Now, no-deal rears its ugly head again. The UK and EU have to negotiate a new trade treaty by the end of this year, to replace the one that held while Britain was a member. Without an agreement, the UK will revert to the baseline terms of the World Trade Organization — which would mean a sharp loss of competitiveness. The EU accounts for a far greater share of the UK’s exports than vice versa, so it appears to have greater negotiating leverage. Yet Johnson is setting Oct. 15 as a deadline to reach a deal, while also apparently promising to rip up the last one.

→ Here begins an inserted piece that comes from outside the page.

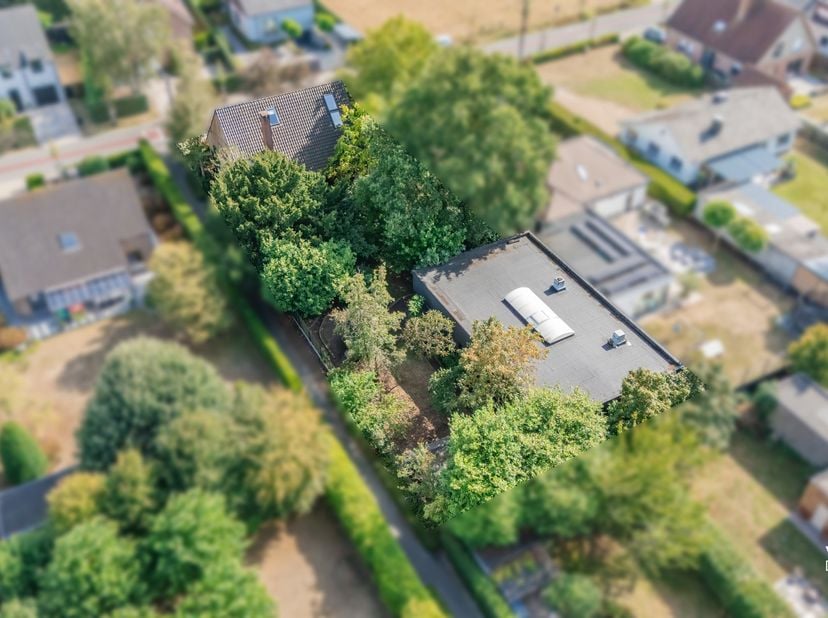 Huis te koop in Achterstraat 167,
                    9800 Astene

On the face of it, this is crazy, as my colleague Therese Raphael puts it, not to say breathtakingly reckless, and downright stupid. It might make for tricky internal politics for the UK’s Labor Party, as explained by Paul Waugh of the Huffington Post. The currency market seems to be working on the assumption that Johnson doesn’t mean it. This is a good gesture to give him a little more negotiating strength, and put his increasingly coherent domestic opponents on the back foot — but he surely won’t go through with breaking a treaty he’s only just signed. Such a move would take the UK’s international credibility with it.

That at least seems the best interpretation of a muted response in currency markets. Sterling is down, but has only retraced a small percentage of its strong rally against the dollar and euro. In the following chart, both currencies are indexed to Oct. 9, when Johnson and Varadkar went for their “walk in the woods” and came out with a critical concession on Northern Ireland.

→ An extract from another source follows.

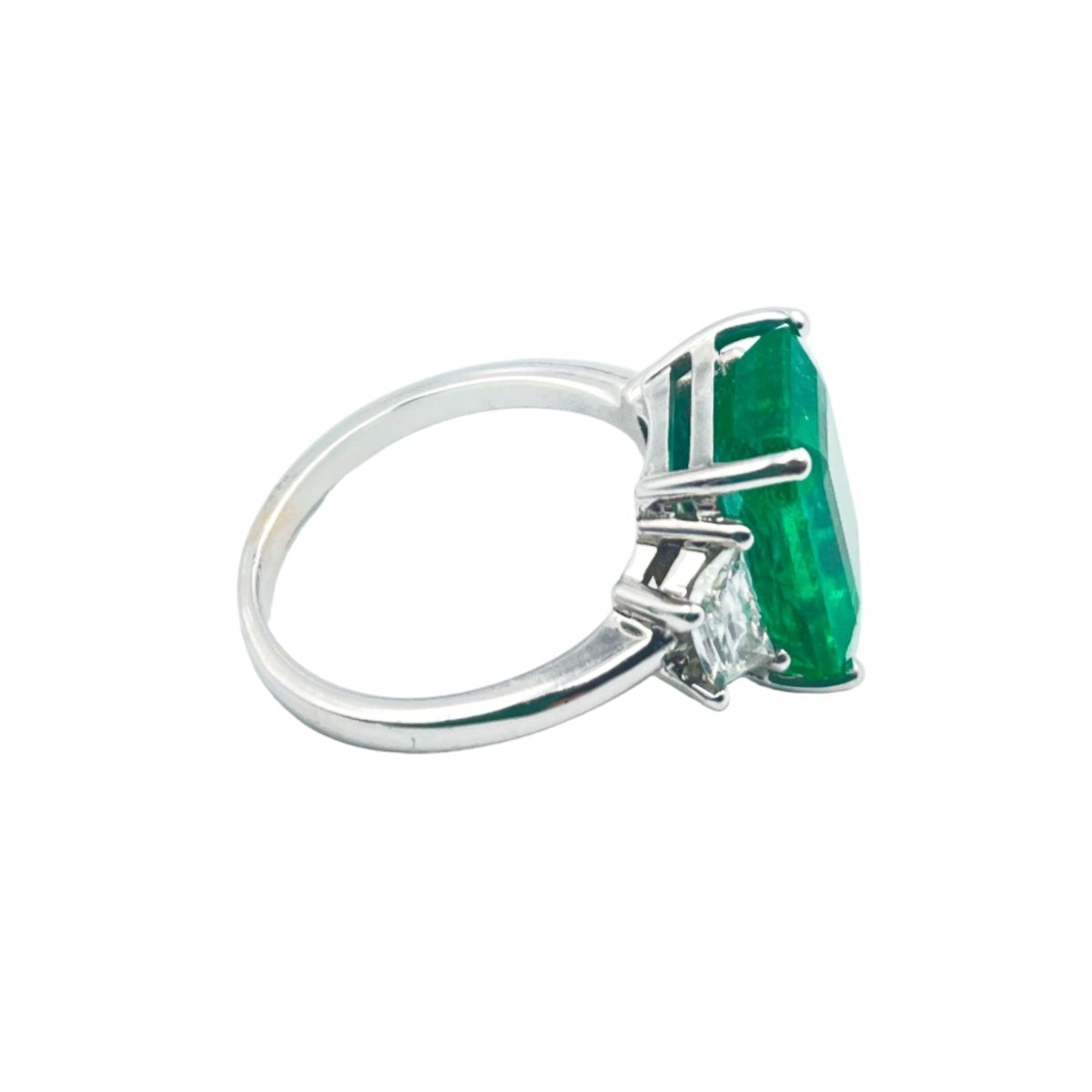 Bague Cocktail en or blanc, émeraude et diamants - Castafiore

The sharp sell-off to begin the week still leaves sterling slightly above its pre-walk-in-the-woods level against the euro, and still near its highs for the last three years versus the dollar. The pound’s softness against the euro shows that concern has been rising, but it could easily fall much further against both currencies.

That’s because Johnson might actually mean it. A piece by ITV News’s Robert Peston (full disclosure: a boss of mine in a former life) suggests Johnson and his team truly believe that the advantages of a “no-deal” Brexit would outweigh the disadvantages. The critical stumbling block isn’t over trade per se, but rather state aid — how much individual governments can subsidize companies and industries. Such aid can tip the scales of trade competition.

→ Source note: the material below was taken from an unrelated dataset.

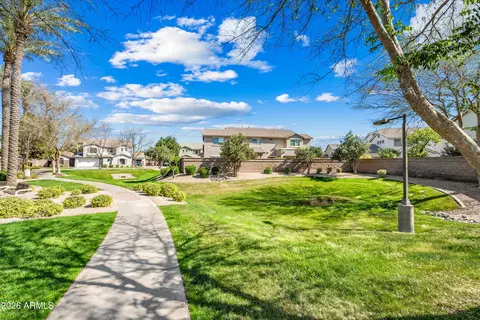 Exterior - 1048 E Iris Dr, Chandler, AZ 85286 photo 15 of 20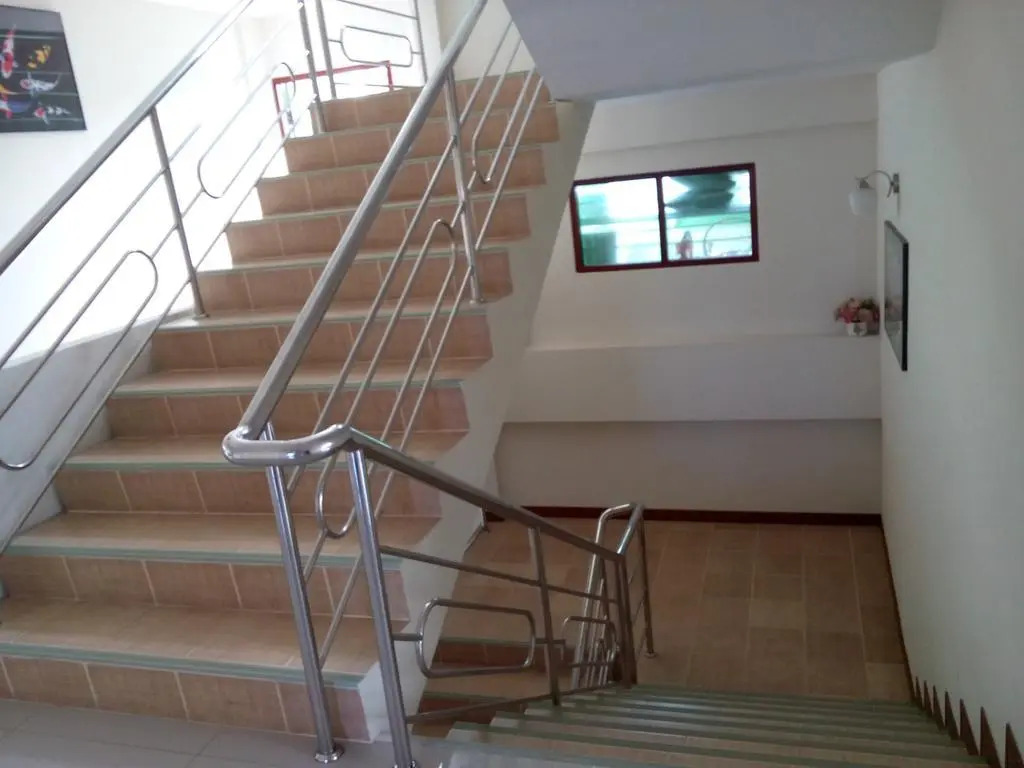 Yamjan Place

According to Peston, who is known to be close to Johnson’s Svengali-like adviser Dominic Cummings, Downing Street feels differently about that now. The Johnson/Cummings team believes it must have the discretion “to invest without fetter in hi-tech, digital, artificial intelligence and the full gamut of the so-called fourth industrial revolution.” Peston describes the following quote as a Cummings article of faith:

"Countries that were late to industrialization were owned/coerced by those early (to it). "The same will happen to countries without trillion dollar tech companies over the next 20 years."

As far as Cummings and Johnson are concerned, the economic hit from breaking off trade terms with the EU would be a price worth paying.